The Derby-winning jockey has only recently emerged from the ongoing investigation into race-fixing and doping within racing. No charges were brought against him.

Now Cochrane must answer to his riding of Keld at Lingfield on 7 May. The four-year-old filly was an uneasy favourite in the market that day, drifting from 11-10 to 2-1 before finishing fifth behind The Prince, who was well backed from 6-1 to 4-1. The manner of her defeat was similarly eyecatching. Cochrane took an individual route on the far rail, a tactic which had proved fruitless when attempted by two runners earlier in the afternoon.

Punters expressed their resentment and there was dissatisfaction too from off-course bookmakers who reported unusual betting patterns. Cochrane said at the time that he had simply made an error of judgement. Keld has subsequently finished second in a Listed race.

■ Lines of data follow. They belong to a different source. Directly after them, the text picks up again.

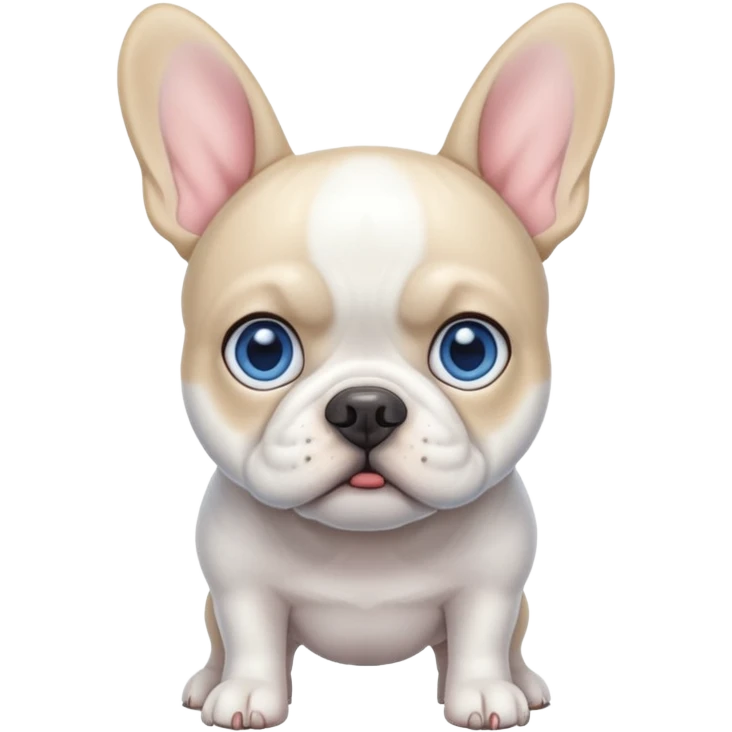 White French bulldog with blue eyes emoji
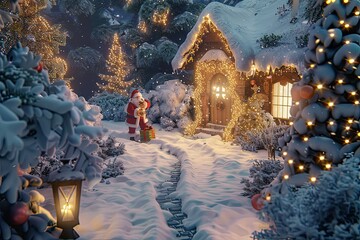 Fototapeta premium Decorated New Year houses with Santa Claus delivering gifts under festive clouds.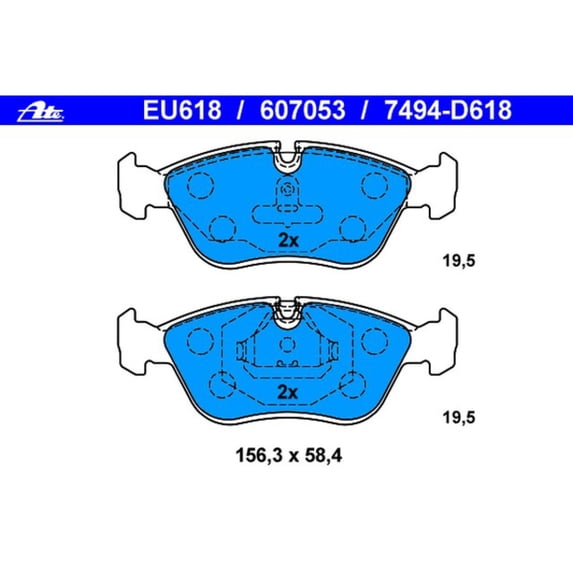 ATE Coated 607053 Disc Brake Pad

The Lingfield stewards referred the matter to Portman Square, not least because Keld's trainer, James Fanshawe, was not at the course to account for his filly's display. And there was also the further evidence of the betting patterns. "The security department have been collecting a number of statements. A much higher number of people have been involved than usual," John Maxse, the Jockey Club spokesman, said yesterday. "Statements have been taken from betting representatives on and off the course and from a number of other people as well."

These statements were reviewed by a panel combining stewards of the Jockey Club and members of the disciplinary department. They decided there was a case for an inquiry.

Cochrane has been informed and will now be given time to organise legal representation and prepare his defence. The inquiry will be held in about three weeks' time.

Under Rule 151 which governs non-triers, the Jockey Club has scope to suspend riders. In 1997, Terry Lucas was banned for 10 days and the trainer Mick Easterby fined pounds 2,500, both retrospectively, after Wait'n'see had followed up a poor run with an emphatic success at Carlisle. The following year, Daragh O'Donohoe was suspended for seven days in similar circumstances. Eight days after finishing unplaced at Newbury for O'Donohoe, Silken Dalliance won a valuable Ascot handicap. Her trainer, Lord Huntingdon, went unpunished.

The Jockey Club will also be asked to adjudicate on the result of a photo- finish at Newcastle on Wednesday. William Haggas, the trainer of the official short-head runner-up, Chiquita, has asked for the print to be re-examined.

The result of Gosforth Park's opening contest took 40 minutes to announce, principally because light had got into the photo-finish camera, leaving a somewhat fuzzy image for the racecourse judge, Alistair Stewart, to decipher. "I've got the print in front of me now and it is difficult to tell," Haggas said yesterday. "It is unclear. This is a totally bizarre situation, but hopefully it will be wrapped up by the weekend."